• [GOAL OF THE EXERCISE]: Without adding anything, give again the lines from the one holding "Outside of New" through the final line of the records, exactly, with both ends included and pictures dropped.

++++++

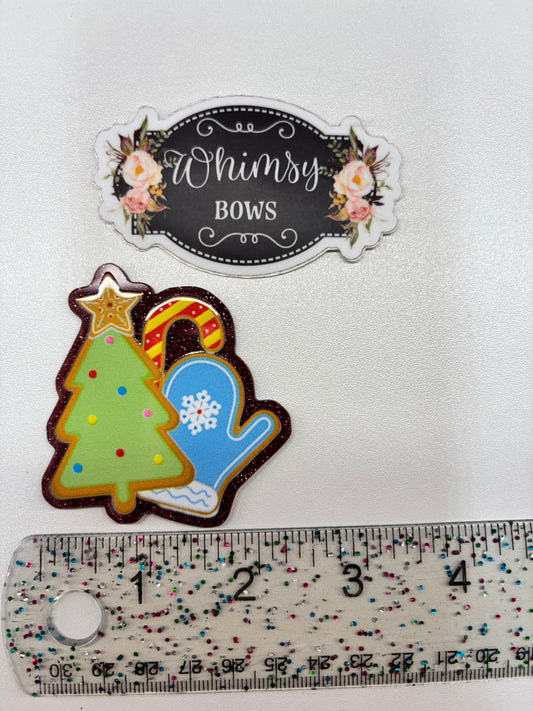 HOLIDAY COOKIES GLITTER Large Resin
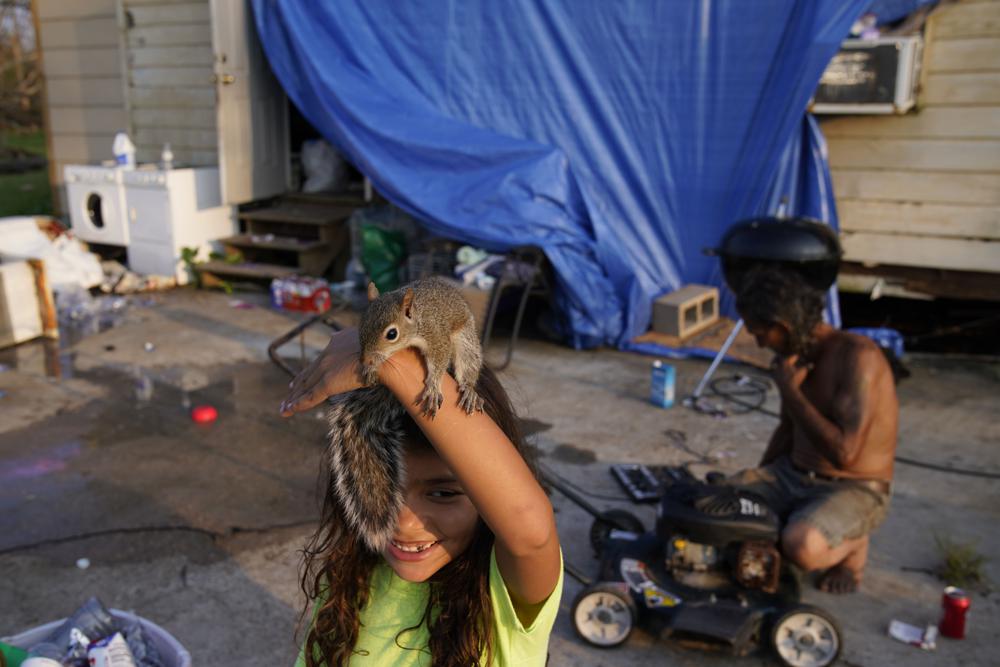 Outside of New Orleans, an even longer road to Ida recovery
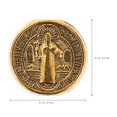 thumbnail image 2 of Miangastore Environ 100 Pcs Perles Rondes Alliage Crucifix Jésus Bricolage Fabrication de Bijoux Perles Entretoises, 2 of 8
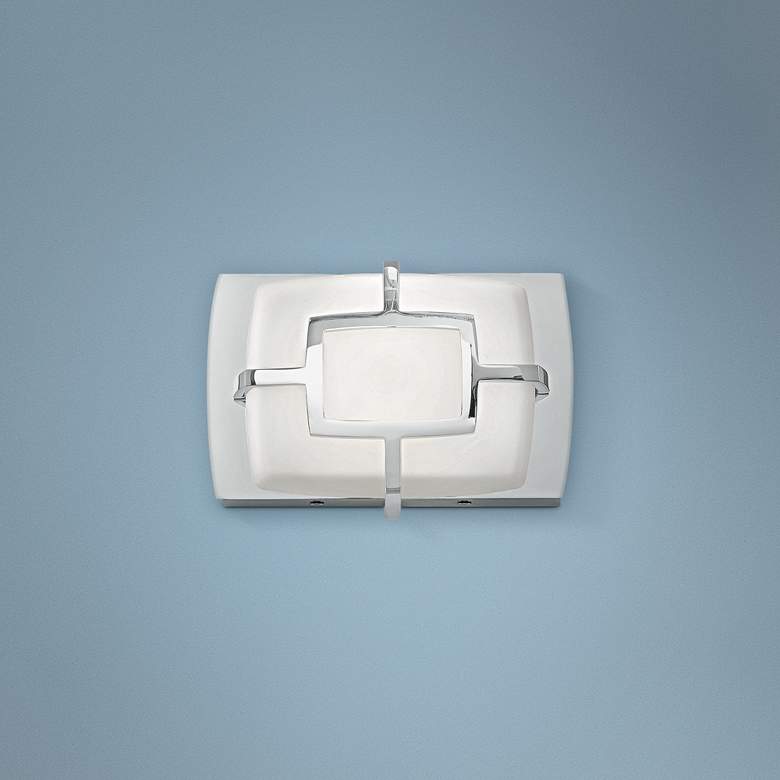 Image 1 Hinkley Sisley 5" High Polished Nickel LED Wall Sconce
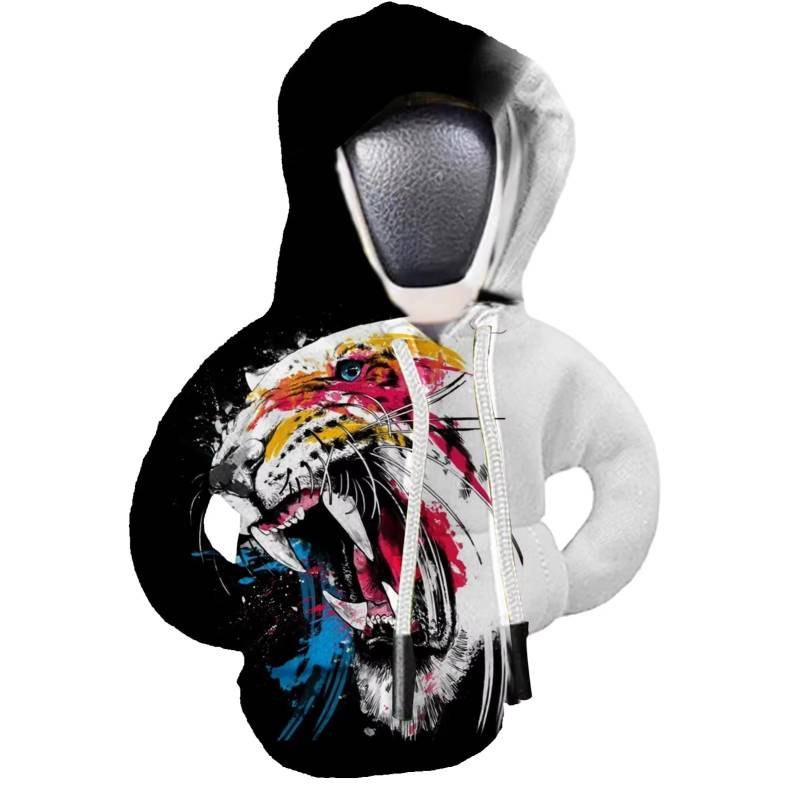 Schaltknauf für Autos Auto-Schaltknauf-Abdeckung Kapuzenpullover, Schalthebel-Hoodie, Auto-Schaltknauf-Abdeckung Manueller Griff Getriebe-Sweatshirt Wechselhebel-Abdeckung Getriebeknauf(I) von ZVZGPGKLTC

++++++

• [WRITTEN RESPONSE]:
 Outside of New Orleans, an even longer road to Ida recovery
 thumbnail image 2 of Miangastore Environ 100 Pcs Perles Rondes Alliage Crucifix Jésus Bricolage Fabrication de Bijoux Perles Entretoises, 2 of 8
 Image 1 Hinkley Sisley 5" High Polished Nickel LED Wall Sconce
 Schaltknauf für Autos Auto-Schaltknauf-Abdeckung Kapuzenpullover, Schalthebel-Hoodie, Auto-Schaltknauf-Abdeckung Manueller Griff Getriebe-Sweatshirt Wechselhebel-Abdeckung Getriebeknauf(I) von ZVZGPGKLTC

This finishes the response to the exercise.